Regardless of the cause, the fires are something the Chester Township Police take seriously.
“These brush fires always have the potential to cause wide spread damage to property and injury to first responders and homeowners alike,” Chester Township Police Chief Wayne Martini said. “Fortunately, there was little wind that day and the quick response of fire personnel put a leash on the fire before it had time to get out of hand.”
Even more recently, on March 24, the police, the Chester Volunteer Fire Company and NJ Forest Fire Service were called to the area of State Park Road for a reported brush fire near a residence.
The residents were evacuated from their home while the fire companies worked to extinguish the fire. There were no injuries and no damage to structures and the family was able to return to their residence shortly thereafter. However, the resident was burning brush in a barrel when a gust of wind carried some embers away and set the woods on fire.
According to Scott Mortensen of the New Jersey Forest Fire Service, the local fire wardens have been on alert due to the dry, warm conditions experienced over the winter. The wardens look where the danger of wildfire may exist.
“This includes places like the Township of Chester which has not only a fair amount of open space but something else, termed 'wildland urban interface' where improved properties (homes) meet the natural surroundings,” Mortensen said. “It is these areas which cause us the most concern as they effect all three of the items we are trying to protect, life property and natural resources.”
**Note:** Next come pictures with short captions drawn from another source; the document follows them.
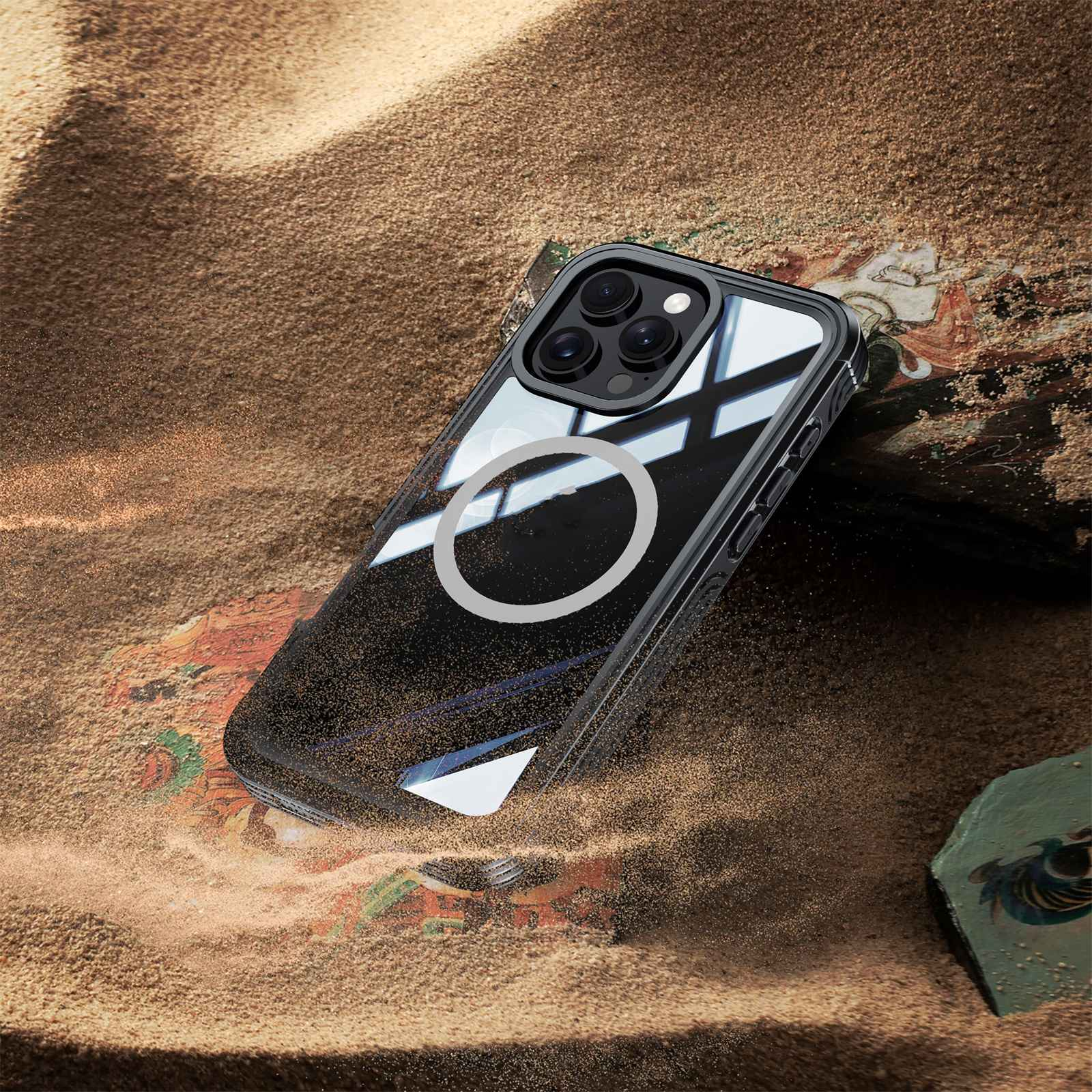 Ein Telefon mit Hülle liegt auf Sand. Der Hintergrund hat eine bunte Oberfläche und Felsen.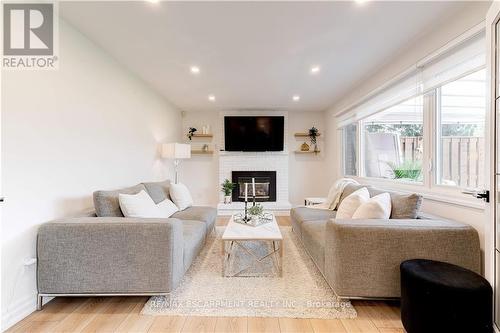 12 Cheval Drive, Grimsby, ON - Indoor Photo Showing Living Room With Fireplace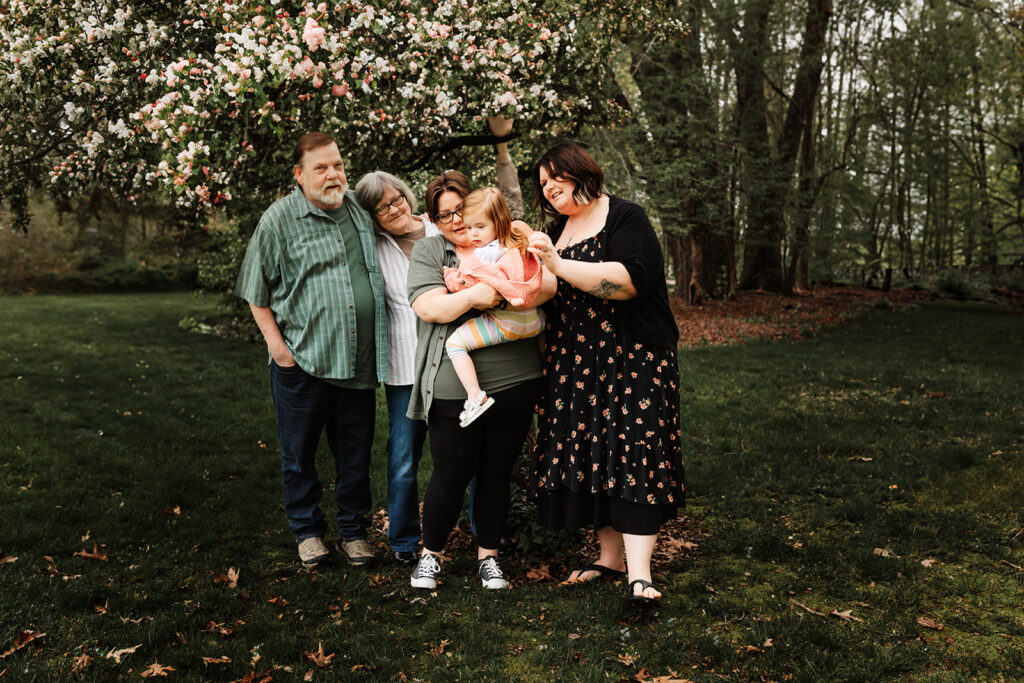 A queer family under cherry blossoms at Gilsland Farm in Falmouth, Maine 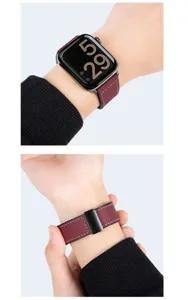 Detailed view of leather silicone watch strap worn on wrist, showing secure magnetic folding clasp.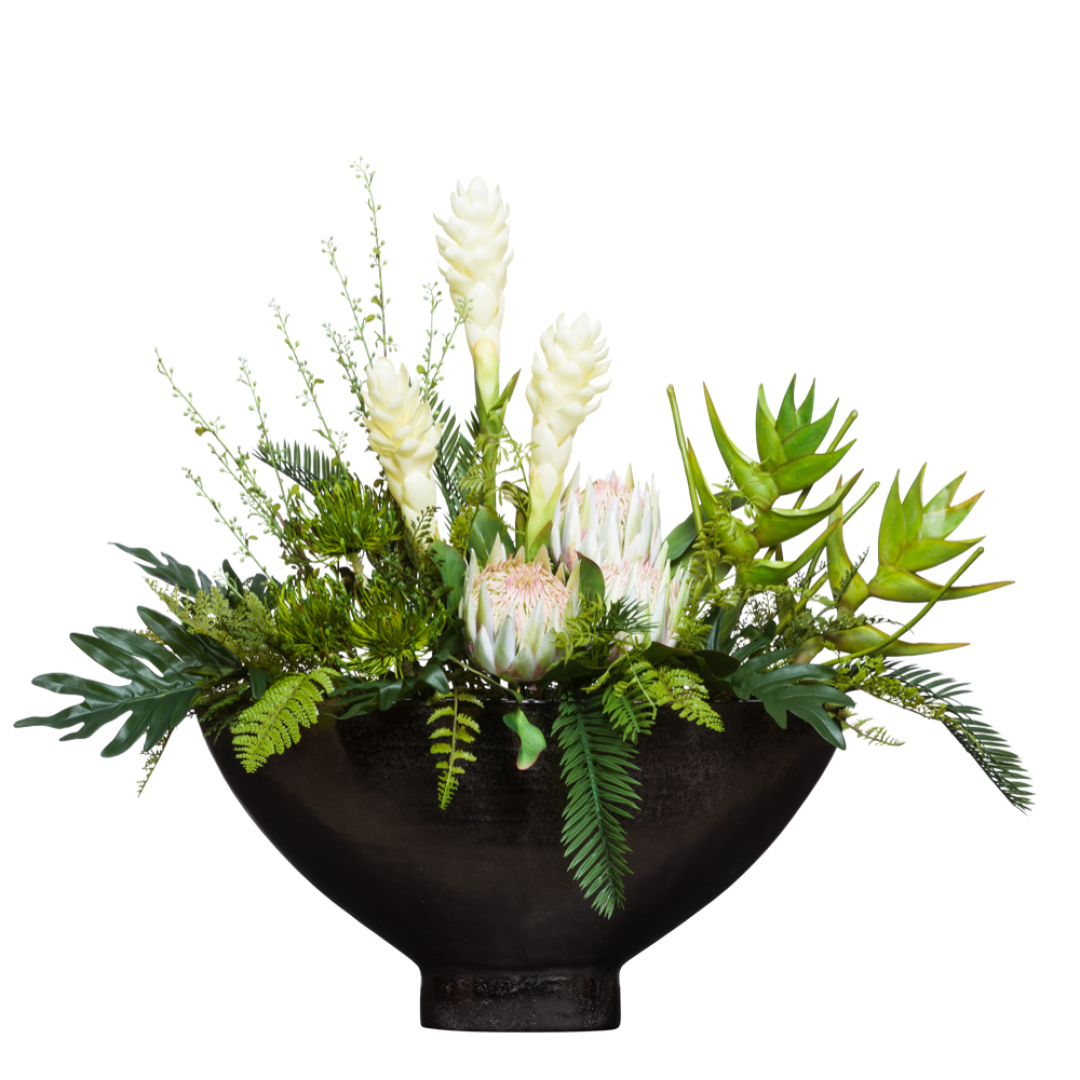 Artificial tropical flower arrangement in a black bowl with proteas and greenery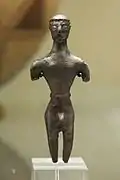 Figurine masculine en bronze. Crète, VIIIe siècle av. J.-C. British Museum.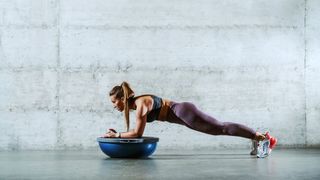 Woman performing a forearm plank on the Bosu balance trainer against a grey backdrop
For his part, Mortensen sees the mitigation of these dangers through vigilance of his organization and close communication with the local fire departments.
“By doing so we are able to safely utilize the least amount of resources, saving the taxpayers money,” Mortensen said. “While simultaneously meeting the goals of both agencies as well as the general public.”
Fire prevention through education and public awareness is key, and to that end, Mortensen and the New Jersey Forest Fire Service have a few reminders for the public:
- Make sure your home is numbered, in a conspicuous location.
- Keep flammables, such as accumulated leaves and pine needles away from your home. This includes out of the gutters and off the roof.
- Stack firewood at least 30' away from the house and dispose ashes properly as they should be cold, to the touch, prior to leaving them unattended.
- Make sure access to your property is available for emergency apparatus. 16' wide is a good guideline.
- All occupants, including children, should no to never to play with matches and how to dial emergency (911) help, should it be necessary.
- Plan a safe escape route for you and your family including a 'meeting place' where all can re-assemble.
- Never burn without a permit and never leave a fire unattended. This includes barbecues, chimineas, etc.
- Should a fire occur, call 911 immediately. Do not hesitate!
As the lead agency in the state, the New Jersey Forest Fire Service is responsible for protecting life, property and natural resources from the threat of wildfire. Our goal is to limit the number of wildfires annually to under 2,000 and the acreage burned to less than 1/2 of 1% of the total protected area of 3.15 million acres. This translates to 15,000 acres. Some of their preventative action includes fire hazard mitigation, including prescribed (controlled) burning; improved training throughout the agency as well as local departments, followed by a safe and aggressive initial attack on any reported wildfires.